Times Higher Education has announced the results of its Impact Rankings, a league table of 1,406 universities assessed against the United Nations’ Sustainable Development Goals (SDGs).

Edinburgh is among the top two per cent in the table, ranking 29th with an overall score of 93.9 out of 100 – its best result to date.

The score makes the University the fourth highest ranking Russell Group institution, and the sixth best in the UK.

Milestone year

The University’s top performing category is Industry, Innovation, and Infrastructure, with a score of 99.8 out of 100 putting it in fifth place out of 785 institutions.

The result comes as students and recent graduates launched 100 startup companies in a single year for the first time in 2021/22.

Lorna Baird, Student Enterprise Manager at Edinburgh Innovations shares what it was like to reach this huge milestone: “The University of Edinburgh has an impressive record on student and staff enterprise but reaching 100 student startups, top of the Russell Group, in a year of lockdown was beyond our wildest dreams!

“At Edinburgh Innovations we have put a significant amount of work into creating a dynamic entrepreneurial ecosystem, organising supportive events and activities to encourage our young entrepreneurs and ensuring all staff and students can access information about the enterprise journey.

“All the credit belongs to this inspiring cohort of young people, many of whom are focused on tackling important societal challenges.
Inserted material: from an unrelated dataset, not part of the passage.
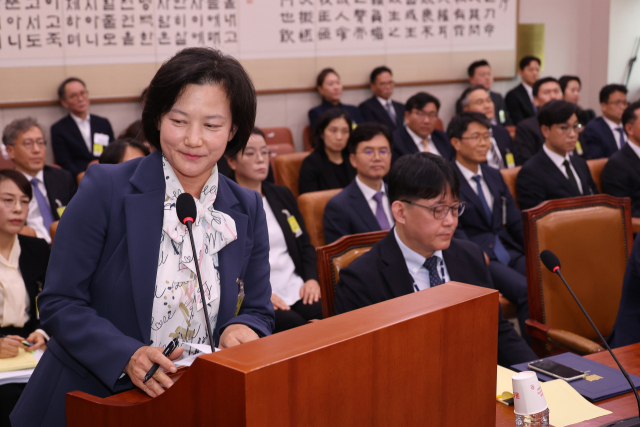 지난 10월 21일 서울 여의도 국회 법제사법위원회에서 열린 국정감사에 출석한 정유미 법무연수원 연구위원. 연합뉴스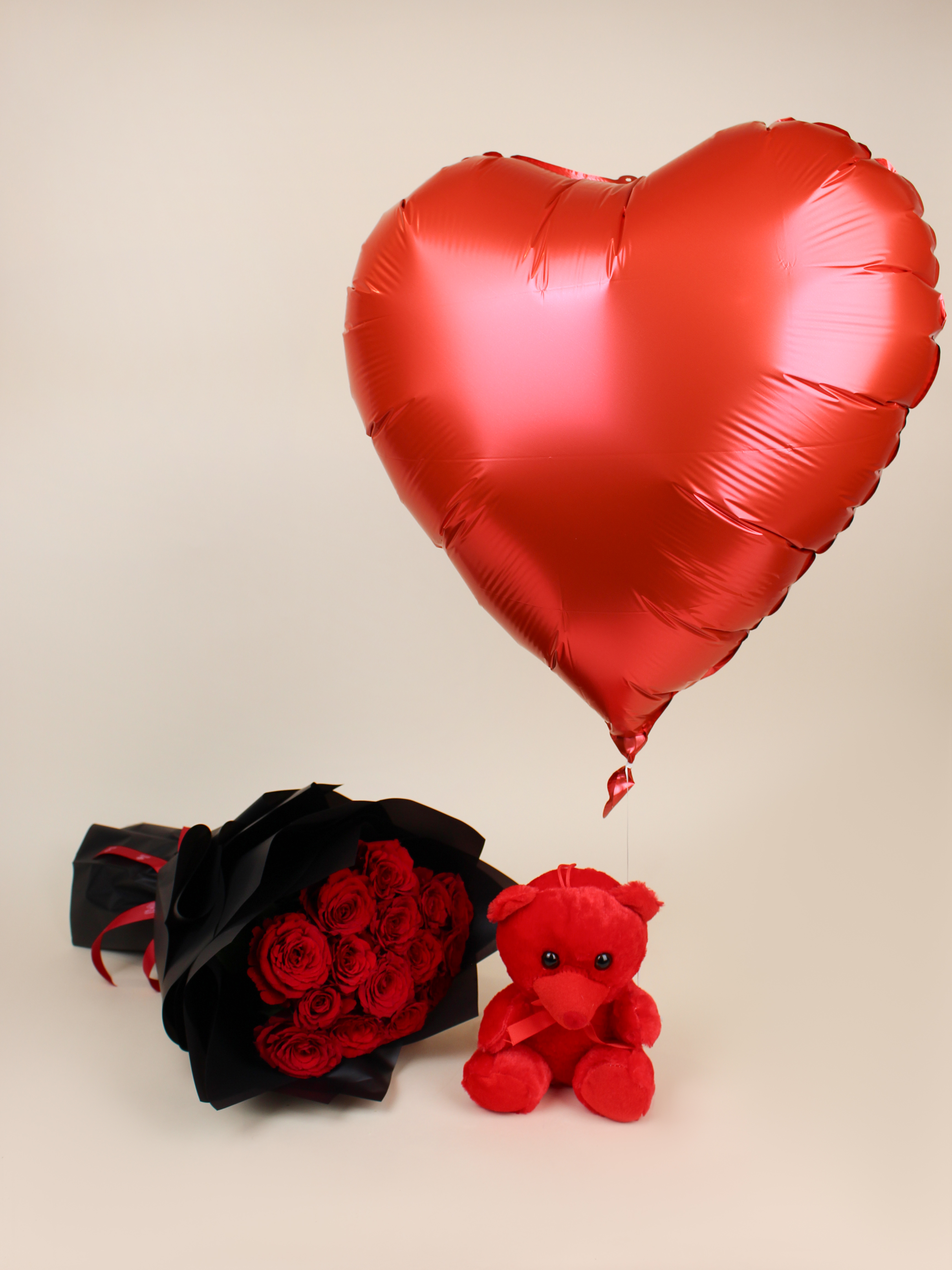  عشق أحمر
“We’re so thrilled and proud of all our company founders and we’re here to support them as they begin, what we hope, will be a long and fruitful journey.

“At the University, we are committed to making the world a better place in all that we do. Aiming to achieve the Sustainable Development Goals is utterly consistent with this commitment and demonstrates our positive contribution to our global future.”

Collin Powers, founder of startup company Ellyra, demonstrating his virtual reality tennis training software.

Of the 100 start-ups, 43 were founded by women, and 21 of the businesses define themselves as social enterprises, meaning they exist to benefit society.

Net zero goals

Partnership for the Goals, and Responsible Consumption and Production, were also high scoring categories for the University, with rankings of ninth and 32nd respectively.

The rankings consider the University’s strategy to become a net zero waste organisation by 2030 by putting circular economy thinking, waste prevention and recycling at the forefront of its relationship with resources and management of our estates.

The IT Reuse project is one such initiative. It looks to support staff across the University to fix or find a new home for PCs and other electronics. Reusing the equipment in this way saves money, carbon and waste, and the IT Reuse team have also been able to donate old machines to local communities.

Bradley Richards is an IT Reuse Technician in the Social Responsibility and Sustainability team. He has been running the project for several years.

Bradley manages the IT Reuse project.

“I feel that being able to give something back to the community is very rewarding. With the large number of devices being circulated through the University, it only makes sense to reuse or repurpose these devices. I have always felt that if you are in a position to help, then you should, especially if it will positively impact the lives of those less fortunate.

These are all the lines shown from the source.